Why I need it: I want to crawl some sites and search for tags in them, searching only on mainpage is not enough.
Thanks,
Is there a module out there that can give me links to all the pages a website has??
Why I need it: I want to crawl some sites and search for tags in them, searching only on mainpage is not enough.
Thanks,
The classic way to crawl sites in Perl is with WWW::Mechanize which has a links method that returns a list of all the links from the page. You can grab a page, get the links from it, and then use the follow_link() or get() method to get the linked page.
HTML::SimpleLinkExtor is a bit simple than HTML::LinkExtor. You might check out my half-hearted attempt at my webreaper tool that has some of the code that you'll probably need.

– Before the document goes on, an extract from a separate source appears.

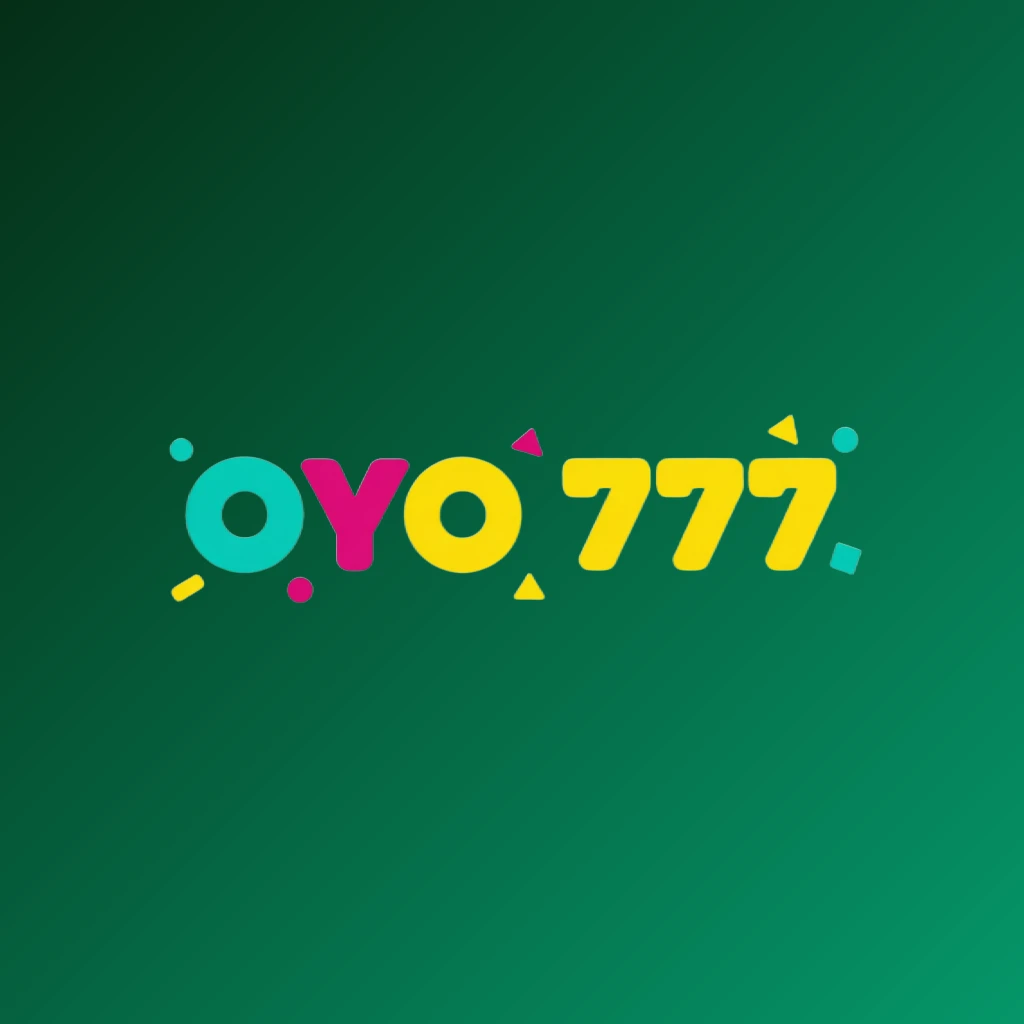 Logo hiburan modern OYO 777 dengan teks tebal dan bulat, menggunakan palet warna cerah cyan, magenta, dan kuning, aksen geometris yang playful, komposisi bersih dengan latar belakang transparan, logo wordmark horizontal untuk header situs web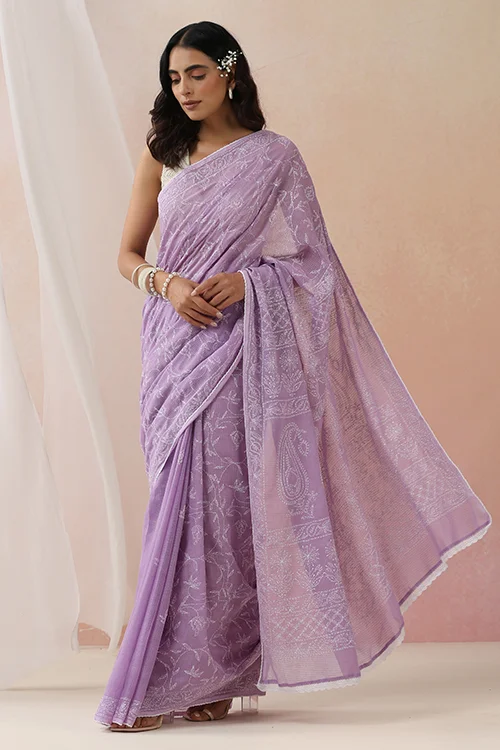 Shwet Women Hand Embroidered Purple Kota Cotton Chikankari Saree - Image 5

Another way to do this is to use HTML::TreeBuilder to parse the HTML from the page. It returns a tree of objects that you can use to grab all of the links from a page, and it can do much more, such as finding a link based on a regexp pattern you specify. Check out HTML::Element's documentation to see more.
To find all of the links in a page:
use HTML::TreeBuilder;
use LWP::Simple;
my $url = 'http://www.example.com/';
my $html = HTML::TreeBuilder->new_from_content(get($url));
my @links = $html->look_down('_tag' => 'a');
I believe LWP::Simple and HTML::TreeBuilder are both included in Ubuntu as well.